Data records section start

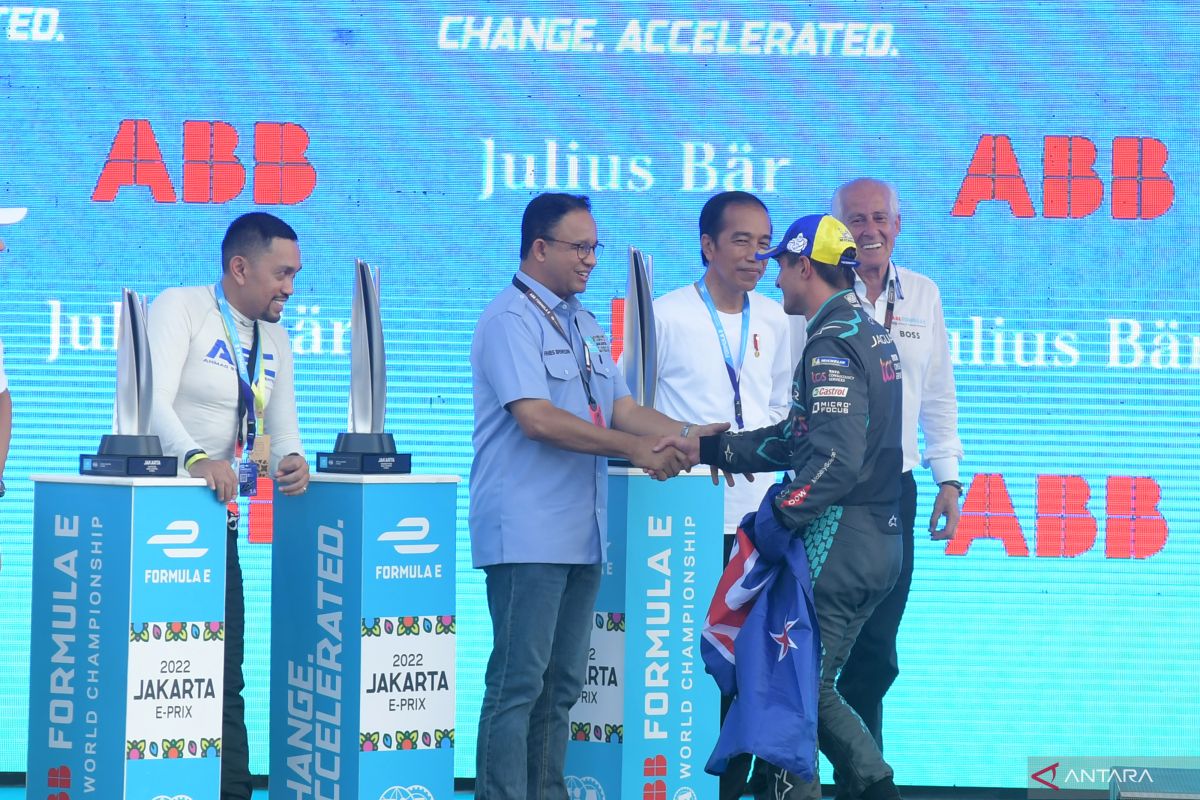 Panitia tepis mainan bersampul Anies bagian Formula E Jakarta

Data records section end
Data records section start

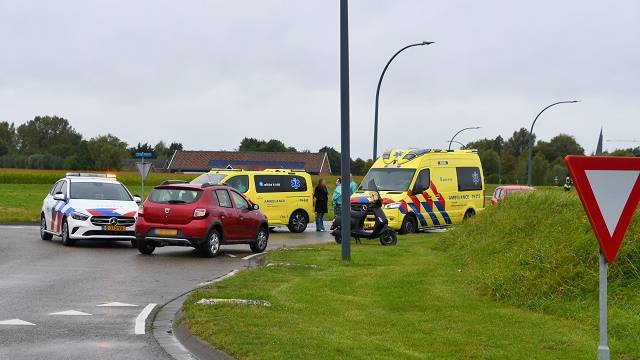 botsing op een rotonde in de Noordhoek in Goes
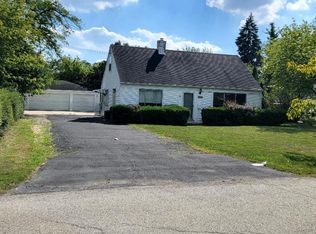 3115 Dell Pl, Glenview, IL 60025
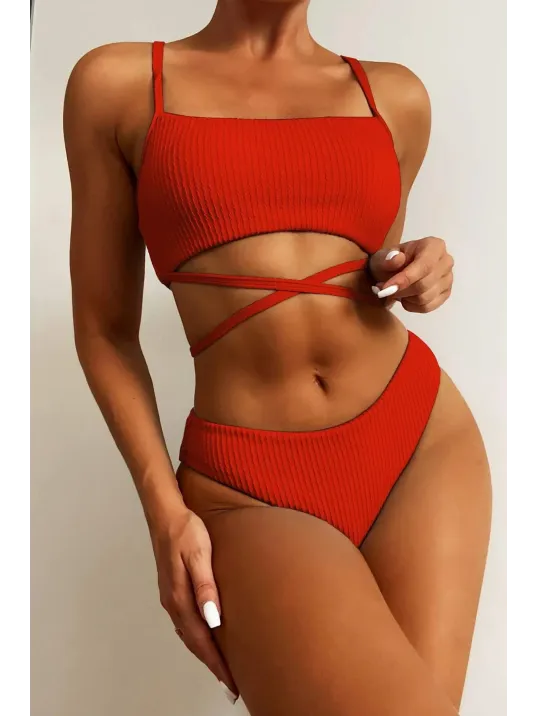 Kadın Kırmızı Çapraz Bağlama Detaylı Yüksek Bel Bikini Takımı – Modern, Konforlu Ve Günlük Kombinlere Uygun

Data records section end

What you have to do: Above are the records; copy from them only the lines starting at the one containing "botsing op een" and ending at the one containing "Kadın Kırmızı Çapraz", exactly and without pictures.

Answer to the exercise:
 botsing op een rotonde in de Noordhoek in Goes
 3115 Dell Pl, Glenview, IL 60025
 Kadın Kırmızı Çapraz Bağlama Detaylı Yüksek Bel Bikini Takımı – Modern, Konforlu Ve Günlük Kombinlere Uygun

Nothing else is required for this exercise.